Align multi-agent docs and Gmail/Calendar expert copy with registry routing.

2026-05-06 06:12:40 +02:00 · 2026-04-30 03:53:29 +02:00 · 2026-04-30 03:53:29 +02:00 · 362d462f92
commit 362d462f92
parent 2ab4c411fe
8 changed files with 30 additions and 30 deletions
--- a/surfsense_backend/app/agents/multi_agent_chat/IMPLEMENTATION_PLAN.md
+++ b/surfsense_backend/app/agents/multi_agent_chat/IMPLEMENTATION_PLAN.md
@ -31,7 +31,7 @@ Not every row applies to the **first** multi-agent graph (e.g. you may start wit

 ## Rework principles (better arrangement, same substance)

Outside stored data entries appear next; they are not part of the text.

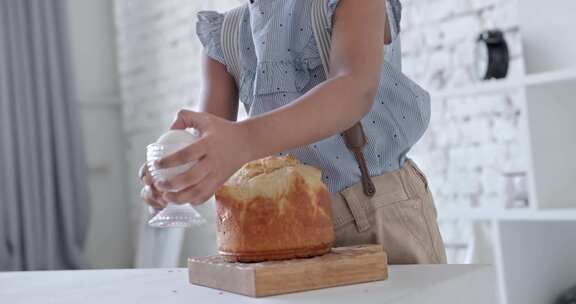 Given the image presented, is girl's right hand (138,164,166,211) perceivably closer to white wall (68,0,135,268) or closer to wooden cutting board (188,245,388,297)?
wooden cutting board (188,245,388,297)

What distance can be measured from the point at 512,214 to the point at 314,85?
123 cm

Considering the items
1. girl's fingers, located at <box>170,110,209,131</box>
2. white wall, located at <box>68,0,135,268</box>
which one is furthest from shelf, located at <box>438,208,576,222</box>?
white wall, located at <box>68,0,135,268</box>

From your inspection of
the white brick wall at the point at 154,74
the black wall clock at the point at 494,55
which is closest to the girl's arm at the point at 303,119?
the black wall clock at the point at 494,55

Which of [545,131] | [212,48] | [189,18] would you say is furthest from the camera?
[189,18]

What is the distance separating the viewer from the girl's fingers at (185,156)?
818 millimetres

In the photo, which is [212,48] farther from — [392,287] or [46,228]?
[46,228]

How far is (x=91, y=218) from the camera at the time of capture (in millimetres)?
4531

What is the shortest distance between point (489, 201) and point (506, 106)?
32 centimetres

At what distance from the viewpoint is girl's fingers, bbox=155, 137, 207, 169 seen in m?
0.82

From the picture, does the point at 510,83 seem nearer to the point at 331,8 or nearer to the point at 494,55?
the point at 494,55

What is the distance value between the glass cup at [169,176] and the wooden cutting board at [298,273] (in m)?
0.07

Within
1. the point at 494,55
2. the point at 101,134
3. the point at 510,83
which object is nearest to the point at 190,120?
the point at 510,83

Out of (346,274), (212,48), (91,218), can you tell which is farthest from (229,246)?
(91,218)

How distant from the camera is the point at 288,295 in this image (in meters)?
0.88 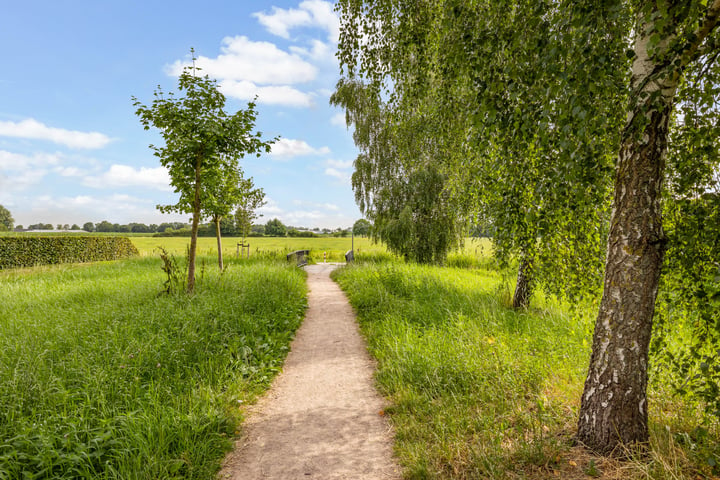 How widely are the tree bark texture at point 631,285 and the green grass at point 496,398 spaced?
0.27 meters

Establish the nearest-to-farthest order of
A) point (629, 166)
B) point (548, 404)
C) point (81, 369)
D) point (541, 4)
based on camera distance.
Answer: point (541, 4), point (629, 166), point (548, 404), point (81, 369)

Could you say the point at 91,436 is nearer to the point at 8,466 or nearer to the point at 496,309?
the point at 8,466

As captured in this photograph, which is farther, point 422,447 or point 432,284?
point 432,284

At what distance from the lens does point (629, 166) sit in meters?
2.62

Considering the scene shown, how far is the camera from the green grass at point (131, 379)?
2.89 m

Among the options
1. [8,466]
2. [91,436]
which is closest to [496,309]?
[91,436]

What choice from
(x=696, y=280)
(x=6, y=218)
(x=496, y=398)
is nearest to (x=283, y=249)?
(x=496, y=398)

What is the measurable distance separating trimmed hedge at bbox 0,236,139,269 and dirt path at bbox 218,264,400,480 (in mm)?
18178

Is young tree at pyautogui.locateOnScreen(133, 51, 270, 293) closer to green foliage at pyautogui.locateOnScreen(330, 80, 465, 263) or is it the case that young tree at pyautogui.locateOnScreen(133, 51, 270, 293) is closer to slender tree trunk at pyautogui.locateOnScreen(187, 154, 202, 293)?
slender tree trunk at pyautogui.locateOnScreen(187, 154, 202, 293)

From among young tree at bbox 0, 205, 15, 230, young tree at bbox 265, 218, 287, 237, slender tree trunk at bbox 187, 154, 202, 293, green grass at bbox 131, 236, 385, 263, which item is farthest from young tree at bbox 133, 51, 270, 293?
young tree at bbox 0, 205, 15, 230

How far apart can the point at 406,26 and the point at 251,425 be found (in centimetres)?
515

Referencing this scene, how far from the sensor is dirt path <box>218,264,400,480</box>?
3.04 meters

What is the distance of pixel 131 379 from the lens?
3.99 metres

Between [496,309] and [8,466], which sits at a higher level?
[496,309] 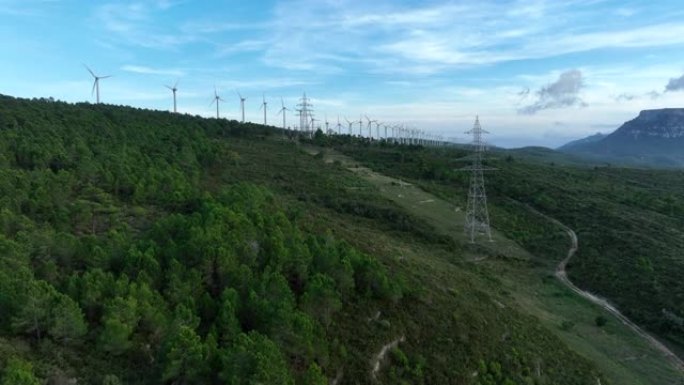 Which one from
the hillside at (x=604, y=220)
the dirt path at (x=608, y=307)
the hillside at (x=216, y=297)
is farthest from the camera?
the hillside at (x=604, y=220)

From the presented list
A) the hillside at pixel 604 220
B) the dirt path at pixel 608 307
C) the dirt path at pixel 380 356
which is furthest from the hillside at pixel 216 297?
the hillside at pixel 604 220

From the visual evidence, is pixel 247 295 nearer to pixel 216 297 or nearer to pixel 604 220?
pixel 216 297

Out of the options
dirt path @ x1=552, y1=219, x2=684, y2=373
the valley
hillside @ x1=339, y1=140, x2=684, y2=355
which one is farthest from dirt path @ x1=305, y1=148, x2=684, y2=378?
hillside @ x1=339, y1=140, x2=684, y2=355

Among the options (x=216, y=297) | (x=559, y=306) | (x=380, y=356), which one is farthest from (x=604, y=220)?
(x=216, y=297)

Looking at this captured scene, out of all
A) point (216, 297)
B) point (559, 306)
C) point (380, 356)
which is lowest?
point (559, 306)

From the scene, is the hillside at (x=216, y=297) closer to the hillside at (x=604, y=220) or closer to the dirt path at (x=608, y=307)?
the dirt path at (x=608, y=307)

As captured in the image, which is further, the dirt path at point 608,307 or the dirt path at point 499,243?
the dirt path at point 608,307

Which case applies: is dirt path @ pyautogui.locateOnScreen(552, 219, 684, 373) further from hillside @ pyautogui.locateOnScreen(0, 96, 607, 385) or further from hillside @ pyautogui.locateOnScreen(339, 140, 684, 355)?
hillside @ pyautogui.locateOnScreen(0, 96, 607, 385) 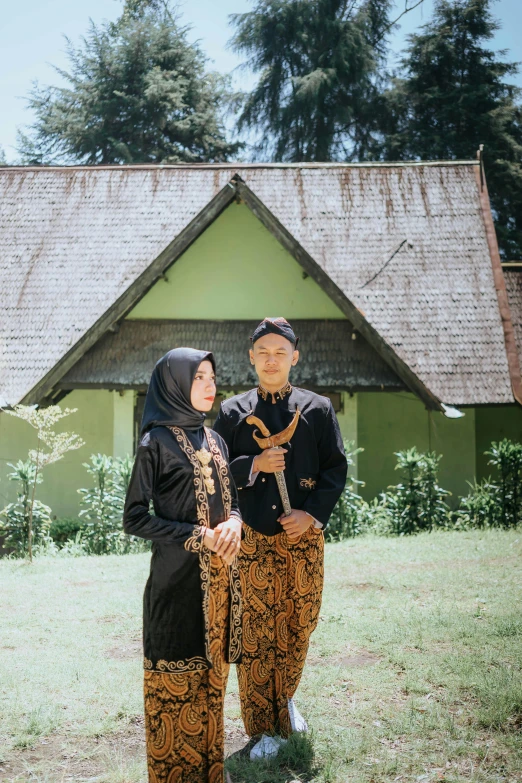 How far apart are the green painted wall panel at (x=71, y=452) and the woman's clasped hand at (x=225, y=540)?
8.61 meters

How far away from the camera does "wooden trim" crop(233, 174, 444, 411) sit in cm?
1060

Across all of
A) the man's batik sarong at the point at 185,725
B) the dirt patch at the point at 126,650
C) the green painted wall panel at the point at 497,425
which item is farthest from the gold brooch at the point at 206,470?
the green painted wall panel at the point at 497,425

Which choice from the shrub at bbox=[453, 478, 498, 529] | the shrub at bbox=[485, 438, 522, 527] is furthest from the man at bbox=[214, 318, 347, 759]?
the shrub at bbox=[485, 438, 522, 527]

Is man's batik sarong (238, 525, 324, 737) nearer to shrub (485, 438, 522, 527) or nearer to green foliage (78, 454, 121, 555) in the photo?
green foliage (78, 454, 121, 555)

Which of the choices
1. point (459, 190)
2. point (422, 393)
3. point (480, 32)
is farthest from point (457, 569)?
point (480, 32)

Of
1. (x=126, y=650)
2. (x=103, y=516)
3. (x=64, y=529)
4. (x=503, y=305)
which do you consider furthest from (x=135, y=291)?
(x=126, y=650)

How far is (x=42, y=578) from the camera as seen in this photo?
26.1 ft

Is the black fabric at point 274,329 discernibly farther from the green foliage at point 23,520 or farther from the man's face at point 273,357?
the green foliage at point 23,520

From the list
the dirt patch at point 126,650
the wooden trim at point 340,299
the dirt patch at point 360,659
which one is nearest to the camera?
the dirt patch at point 360,659

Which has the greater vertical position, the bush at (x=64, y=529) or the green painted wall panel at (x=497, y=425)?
the green painted wall panel at (x=497, y=425)

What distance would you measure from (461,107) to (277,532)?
20628 mm

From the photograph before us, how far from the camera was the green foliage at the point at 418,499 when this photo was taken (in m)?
10.0

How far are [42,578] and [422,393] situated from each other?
5301 millimetres

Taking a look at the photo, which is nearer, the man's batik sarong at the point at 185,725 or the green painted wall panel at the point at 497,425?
the man's batik sarong at the point at 185,725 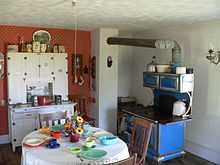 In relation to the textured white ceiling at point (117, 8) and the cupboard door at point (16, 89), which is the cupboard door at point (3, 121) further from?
the textured white ceiling at point (117, 8)

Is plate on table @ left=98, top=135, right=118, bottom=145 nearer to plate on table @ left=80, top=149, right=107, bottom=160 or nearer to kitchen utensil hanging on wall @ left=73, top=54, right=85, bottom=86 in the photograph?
plate on table @ left=80, top=149, right=107, bottom=160

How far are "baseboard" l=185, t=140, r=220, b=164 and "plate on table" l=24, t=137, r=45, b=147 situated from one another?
2.87 metres

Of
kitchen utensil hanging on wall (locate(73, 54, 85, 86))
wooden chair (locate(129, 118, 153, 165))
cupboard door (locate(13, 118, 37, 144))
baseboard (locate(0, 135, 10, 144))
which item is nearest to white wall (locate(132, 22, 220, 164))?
wooden chair (locate(129, 118, 153, 165))

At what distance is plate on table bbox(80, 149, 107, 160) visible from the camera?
2537 mm

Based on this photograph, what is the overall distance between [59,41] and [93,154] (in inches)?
133

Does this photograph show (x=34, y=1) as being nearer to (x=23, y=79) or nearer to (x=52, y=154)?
(x=52, y=154)

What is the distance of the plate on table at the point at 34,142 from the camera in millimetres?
2838

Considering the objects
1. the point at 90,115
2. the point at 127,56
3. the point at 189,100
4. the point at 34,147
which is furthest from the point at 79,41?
the point at 34,147

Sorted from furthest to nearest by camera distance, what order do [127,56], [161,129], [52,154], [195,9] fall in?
[127,56]
[161,129]
[195,9]
[52,154]

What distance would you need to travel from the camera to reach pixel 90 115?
5.83m

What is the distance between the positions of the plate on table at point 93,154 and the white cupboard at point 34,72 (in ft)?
8.96

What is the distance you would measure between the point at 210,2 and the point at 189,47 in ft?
6.55

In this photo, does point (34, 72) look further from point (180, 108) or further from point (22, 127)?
point (180, 108)

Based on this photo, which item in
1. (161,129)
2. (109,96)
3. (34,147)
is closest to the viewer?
(34,147) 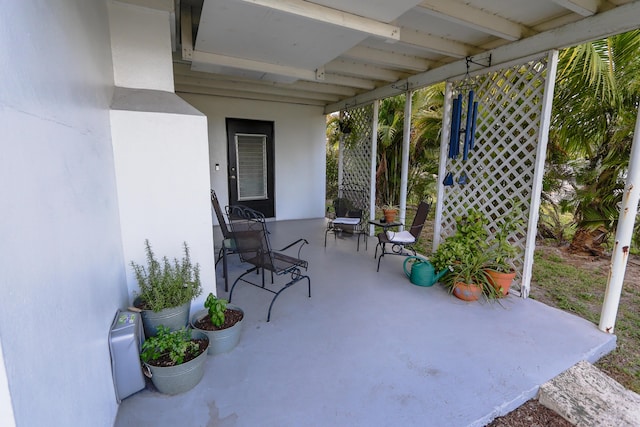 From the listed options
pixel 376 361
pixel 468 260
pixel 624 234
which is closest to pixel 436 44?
pixel 468 260

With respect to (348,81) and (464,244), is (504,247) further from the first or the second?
(348,81)

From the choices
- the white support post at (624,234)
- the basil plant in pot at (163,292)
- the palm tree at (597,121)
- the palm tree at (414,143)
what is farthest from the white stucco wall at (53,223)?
the palm tree at (414,143)

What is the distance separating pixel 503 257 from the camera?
3.02 metres

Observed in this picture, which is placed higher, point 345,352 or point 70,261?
point 70,261

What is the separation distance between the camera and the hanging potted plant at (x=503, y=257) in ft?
9.59

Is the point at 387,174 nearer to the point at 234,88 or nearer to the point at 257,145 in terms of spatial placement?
the point at 257,145

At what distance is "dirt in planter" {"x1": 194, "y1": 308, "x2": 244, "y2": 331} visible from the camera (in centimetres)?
204

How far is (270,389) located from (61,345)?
113 cm

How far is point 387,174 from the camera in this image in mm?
7043

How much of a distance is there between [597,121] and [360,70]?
2.80 m

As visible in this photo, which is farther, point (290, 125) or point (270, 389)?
point (290, 125)

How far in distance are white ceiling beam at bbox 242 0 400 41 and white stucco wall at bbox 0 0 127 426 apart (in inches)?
42.8

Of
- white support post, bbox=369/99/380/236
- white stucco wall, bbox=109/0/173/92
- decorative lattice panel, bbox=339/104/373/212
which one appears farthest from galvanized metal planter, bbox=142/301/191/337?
decorative lattice panel, bbox=339/104/373/212

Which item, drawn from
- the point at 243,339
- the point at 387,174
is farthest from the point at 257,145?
the point at 243,339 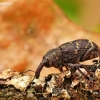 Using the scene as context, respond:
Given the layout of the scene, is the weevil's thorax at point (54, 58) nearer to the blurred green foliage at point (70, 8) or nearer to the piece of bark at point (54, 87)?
the piece of bark at point (54, 87)

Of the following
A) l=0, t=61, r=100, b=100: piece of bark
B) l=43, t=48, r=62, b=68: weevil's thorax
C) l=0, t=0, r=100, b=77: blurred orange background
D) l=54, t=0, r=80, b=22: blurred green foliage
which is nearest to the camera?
l=0, t=61, r=100, b=100: piece of bark

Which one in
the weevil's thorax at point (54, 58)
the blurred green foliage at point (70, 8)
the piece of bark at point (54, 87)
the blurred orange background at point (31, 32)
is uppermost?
the blurred green foliage at point (70, 8)

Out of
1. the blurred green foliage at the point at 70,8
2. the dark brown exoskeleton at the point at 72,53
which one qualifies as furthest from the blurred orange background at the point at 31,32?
the dark brown exoskeleton at the point at 72,53

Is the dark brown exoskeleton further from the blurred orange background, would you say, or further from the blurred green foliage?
the blurred green foliage

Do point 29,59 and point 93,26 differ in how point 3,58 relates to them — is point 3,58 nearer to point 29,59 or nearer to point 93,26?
point 29,59

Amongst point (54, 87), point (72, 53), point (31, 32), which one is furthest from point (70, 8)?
point (54, 87)

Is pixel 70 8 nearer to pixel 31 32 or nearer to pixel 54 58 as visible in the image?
pixel 31 32

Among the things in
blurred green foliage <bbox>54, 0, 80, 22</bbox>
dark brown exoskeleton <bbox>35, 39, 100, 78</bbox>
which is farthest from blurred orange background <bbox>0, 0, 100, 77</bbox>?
dark brown exoskeleton <bbox>35, 39, 100, 78</bbox> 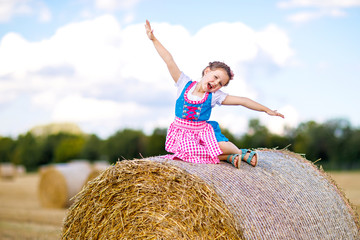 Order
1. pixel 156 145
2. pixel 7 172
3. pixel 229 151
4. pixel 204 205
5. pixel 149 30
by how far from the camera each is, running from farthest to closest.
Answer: pixel 156 145 < pixel 7 172 < pixel 149 30 < pixel 229 151 < pixel 204 205

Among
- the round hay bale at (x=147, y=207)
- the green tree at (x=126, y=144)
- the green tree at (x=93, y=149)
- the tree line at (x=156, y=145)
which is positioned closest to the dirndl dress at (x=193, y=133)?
the round hay bale at (x=147, y=207)

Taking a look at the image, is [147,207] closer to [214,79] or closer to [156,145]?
[214,79]

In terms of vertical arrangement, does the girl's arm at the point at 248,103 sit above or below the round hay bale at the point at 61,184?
above

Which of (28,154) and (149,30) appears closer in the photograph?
(149,30)

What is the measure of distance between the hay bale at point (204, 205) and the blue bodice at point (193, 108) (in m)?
0.54

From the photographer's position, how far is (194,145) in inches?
188

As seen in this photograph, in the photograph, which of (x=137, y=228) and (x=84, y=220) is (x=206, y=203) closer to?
(x=137, y=228)

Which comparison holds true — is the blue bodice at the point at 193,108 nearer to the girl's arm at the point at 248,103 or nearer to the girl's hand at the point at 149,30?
the girl's arm at the point at 248,103

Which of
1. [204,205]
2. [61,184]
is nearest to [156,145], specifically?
[61,184]

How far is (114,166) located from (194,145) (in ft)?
2.71

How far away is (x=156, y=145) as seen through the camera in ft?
107

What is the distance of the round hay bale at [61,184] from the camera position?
552 inches

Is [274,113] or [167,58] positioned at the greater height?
[167,58]

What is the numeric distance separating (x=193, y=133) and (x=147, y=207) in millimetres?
916
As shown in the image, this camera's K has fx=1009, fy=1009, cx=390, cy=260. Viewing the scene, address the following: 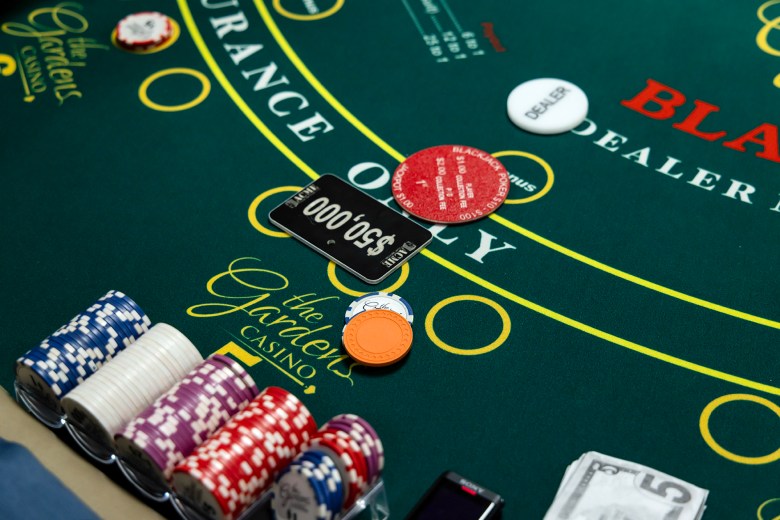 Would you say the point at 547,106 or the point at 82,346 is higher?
the point at 547,106

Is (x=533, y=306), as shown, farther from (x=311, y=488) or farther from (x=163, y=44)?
(x=163, y=44)

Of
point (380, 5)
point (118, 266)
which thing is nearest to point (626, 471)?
point (118, 266)

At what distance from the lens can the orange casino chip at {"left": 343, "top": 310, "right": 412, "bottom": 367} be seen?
4.29 metres

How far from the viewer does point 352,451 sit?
11.7 ft

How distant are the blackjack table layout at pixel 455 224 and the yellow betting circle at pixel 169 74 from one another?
14 mm

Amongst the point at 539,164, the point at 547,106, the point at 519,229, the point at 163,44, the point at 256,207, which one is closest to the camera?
the point at 519,229

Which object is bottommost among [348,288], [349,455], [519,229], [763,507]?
[349,455]

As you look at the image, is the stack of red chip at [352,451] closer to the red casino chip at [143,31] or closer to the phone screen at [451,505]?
the phone screen at [451,505]

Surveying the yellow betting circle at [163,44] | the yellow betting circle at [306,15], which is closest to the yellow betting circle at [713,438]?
the yellow betting circle at [306,15]

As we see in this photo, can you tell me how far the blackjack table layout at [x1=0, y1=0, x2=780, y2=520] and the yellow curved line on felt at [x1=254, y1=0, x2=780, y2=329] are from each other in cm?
1

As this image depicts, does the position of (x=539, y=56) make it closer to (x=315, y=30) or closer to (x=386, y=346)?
(x=315, y=30)

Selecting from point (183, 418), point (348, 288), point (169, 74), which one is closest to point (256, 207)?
point (348, 288)

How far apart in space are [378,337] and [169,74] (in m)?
2.41

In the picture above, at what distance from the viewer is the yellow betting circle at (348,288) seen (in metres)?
4.62
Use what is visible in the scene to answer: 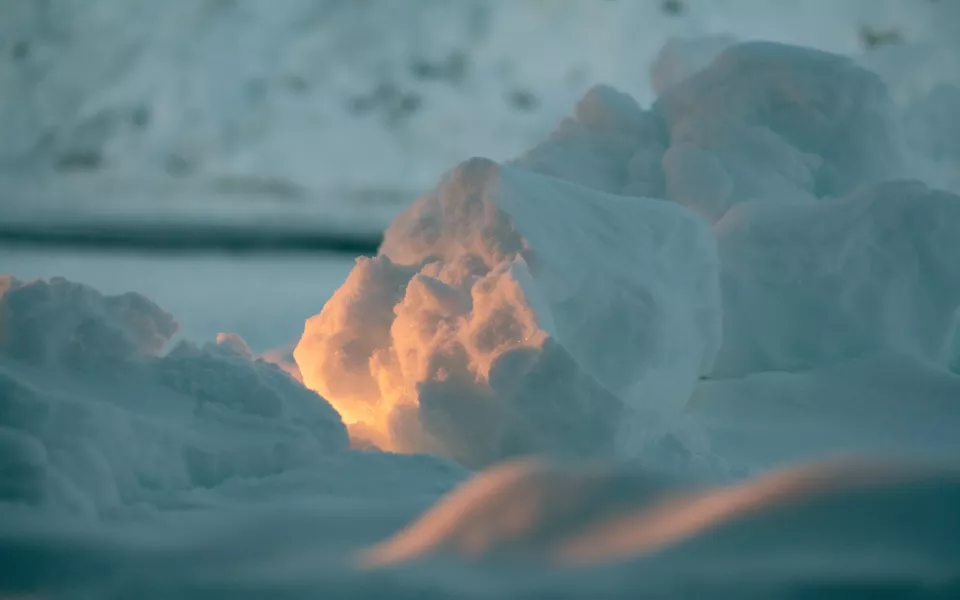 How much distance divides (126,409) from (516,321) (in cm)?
129

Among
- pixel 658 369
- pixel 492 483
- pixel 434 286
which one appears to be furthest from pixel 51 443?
pixel 658 369

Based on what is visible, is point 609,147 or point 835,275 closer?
point 835,275

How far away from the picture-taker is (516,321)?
11.3ft

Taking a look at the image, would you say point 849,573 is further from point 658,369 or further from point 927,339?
point 927,339

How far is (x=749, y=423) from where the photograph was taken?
13.9 ft

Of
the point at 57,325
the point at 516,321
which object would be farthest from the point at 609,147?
the point at 57,325

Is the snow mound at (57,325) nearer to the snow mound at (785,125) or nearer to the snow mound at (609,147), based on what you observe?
the snow mound at (609,147)

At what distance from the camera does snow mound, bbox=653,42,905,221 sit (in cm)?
542

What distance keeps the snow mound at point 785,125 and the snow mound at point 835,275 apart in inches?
20.7

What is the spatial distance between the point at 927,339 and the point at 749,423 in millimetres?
1321

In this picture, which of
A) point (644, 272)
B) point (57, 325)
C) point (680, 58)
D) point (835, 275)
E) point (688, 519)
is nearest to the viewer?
point (688, 519)

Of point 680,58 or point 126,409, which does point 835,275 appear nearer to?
point 680,58

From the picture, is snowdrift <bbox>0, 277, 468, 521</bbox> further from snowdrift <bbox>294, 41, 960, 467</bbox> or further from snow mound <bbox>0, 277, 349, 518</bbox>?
snowdrift <bbox>294, 41, 960, 467</bbox>

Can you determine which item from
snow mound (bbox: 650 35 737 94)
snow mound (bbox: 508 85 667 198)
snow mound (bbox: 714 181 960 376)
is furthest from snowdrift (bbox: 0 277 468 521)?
snow mound (bbox: 650 35 737 94) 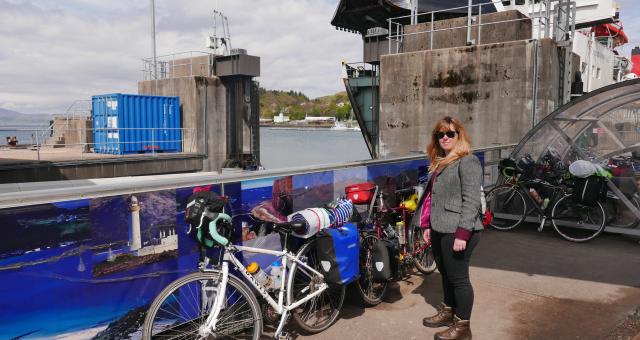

-1. **Expert agents**: **`expert_agent/builtins/`** — broad registry **categories** (e.g. research, deliverables), not a single vendor. **`expert_agent/connectors/`** — **external integrations** (Gmail, Calendar, Discord, Teams, doc stores, …), whether wired with hand-written factories or registry connector tools. Prompt + tools live together per slice; cross-cutting helpers live in `core/` or are imported from `new_chat`.
+1. **Expert agents**: **`expert_agent/builtins/`** — broad registry **categories** (e.g. research, deliverables), not a single vendor. **`expert_agent/connectors/`** — **external integrations** (one package per product route: Discord, Notion, Gmail, …), each using the same pattern: ``slice_tools.py`` (registry subset or factories) + ``domain_prompt.md`` + ``agent.py``. Cross-cutting helpers live in `core/` or are imported from `new_chat`.
 2. **Explicit graphs**: supervisor vs domain agents vs routing tools are **named** and testable; avoid one opaque megagraph where behavior is hard to reason about.
 3. **Single composer**: integration eventually mirrors `create_surfsense_deep_agent` in spirit—**one factory** that attaches middleware, KB, and tools in documented order (see `chat_deepagent.py` comments on ordering).
 4. **No duplicate KB pipelines**: align with `KnowledgePriorityMiddleware` / tree semantics; don’t invent a second hybrid-search path for the same turn.
@ -43,15 +43,15 @@ Not every row applies to the **first** multi-agent graph (e.g. you may start wit

 **Supervisor (orchestrator)**

- Keeps a **small tool surface**: routing tools (`gmail`, `calendar`, future category tools like `research` / `deliverables`) — **not** the full `registry.py` “general” tool list.
+- Keeps a **small tool surface**: one **routing** tool per builtin category (`research`, `memory`, …) and per connector route (`notion`, `gmail`, …) — **not** the full flat `registry.py` tool list on the supervisor.
 - **KB** should primarily benefit the model via **`new_chat`-style middleware** (e.g. hybrid priority docs → state / system adjunct), not by stacking redundant search tools, unless product explicitly requires them.
 - **Single hybrid search per user turn** at this layer when possible: full retrieval is expensive; avoid running it again inside every sub-agent for the same message.
 - Does **not** own **on-demand connector discovery** (e.g. `get_connected_accounts`): orchestration is route-by-intent, not ID resolution.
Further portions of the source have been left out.